Mas, ainda que derrotado, proponho uma reflexão: por quanto tempo esse modelo é sustentável? Por quanto tempo mais teremos 14 escolas cooptando 2 mil pessoas dispostas a encarar esse número absurdo de ensaios e essa pressão insana pelo movimento absolutamente preciso?

Por quantos anos alguém suporta ensaiar tanto tempo cantando sambas que ano a ano repetem estruturas melódicas previsíveis e descrevem os enredos praticamente sem nenhuma margem poética?

Considerando que só uma escola ganha por ano, por quanto tempo os presidentes das escolas derrotadas vão conseguir continuar convencendo os seus desfilantes de que é fundamental abrir mão de metade dos sábados do seu ano para se preparar pra essa guerra?

Até quando o público vai suportar assistir pela televisão uma apuração em que uma dúzia de jurados aplica 10 a todas as escolas?

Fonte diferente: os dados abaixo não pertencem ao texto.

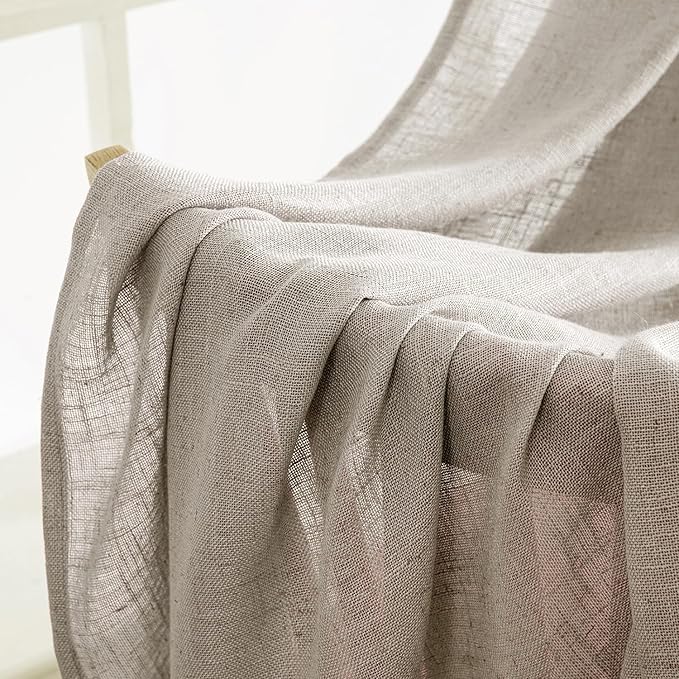 MIULEE Burlywood Birch Linen Curtains 96 Inches Long 2 Panels for Bedroom Living Room, Soft Linen Textured Window Drapes Semi Sheer Light Filtering Back Tab Rod Pocket Farmhouse Burlap Look Decor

Quanto tempo vai demorar para o conservadorismo que impera em São Paulo criar uma versão paulistana de Marcelo Crivella? Temos algum motivo para acreditar que um eventual fim do patrocínio da prefeitura teria efeito menos catastrófico que o hoje observado no Rio de Janeiro?

Ok, pode parecer discurso de perdedor. Mas, derrotado que sou, quero fazer uma sugestão ao carnaval de São Paulo: volte a olhar com carinho pra quem faz samba de verdade. Volte a valorizar quem sabe desfilar como escola de samba e não como uma parada militar. Não deixe a ilusão desse tempo de vacas gordas acabar com quem está de fato interessado na arte carnavalesca. Façamos do nosso carnaval um espetáculo alegre, de samba no pé. Façamos sambas de enredo com identidade própria, que facilitem a dança do samba e não a coreografia. Que o componente padrão seja não o que ensaia 200 vezes por ano para botar medo nos adversários, mas sim o que encara aquela avenida sem medo de ser feliz.

Porque quando a gira girar – e a história registra que ela sempre gira – e ninguém suportar, só essas pessoas estarão ali provando a certeza de seu amor.

Para isso acontecer, no entanto, elas precisam existir. O modelo de desfile gestado por quem comanda o carnaval de São Paulo pode parecer muito auspicioso, mas no fundo está dizimando quem é capaz de garantir à festa a eternidade que lhe foi predestinada.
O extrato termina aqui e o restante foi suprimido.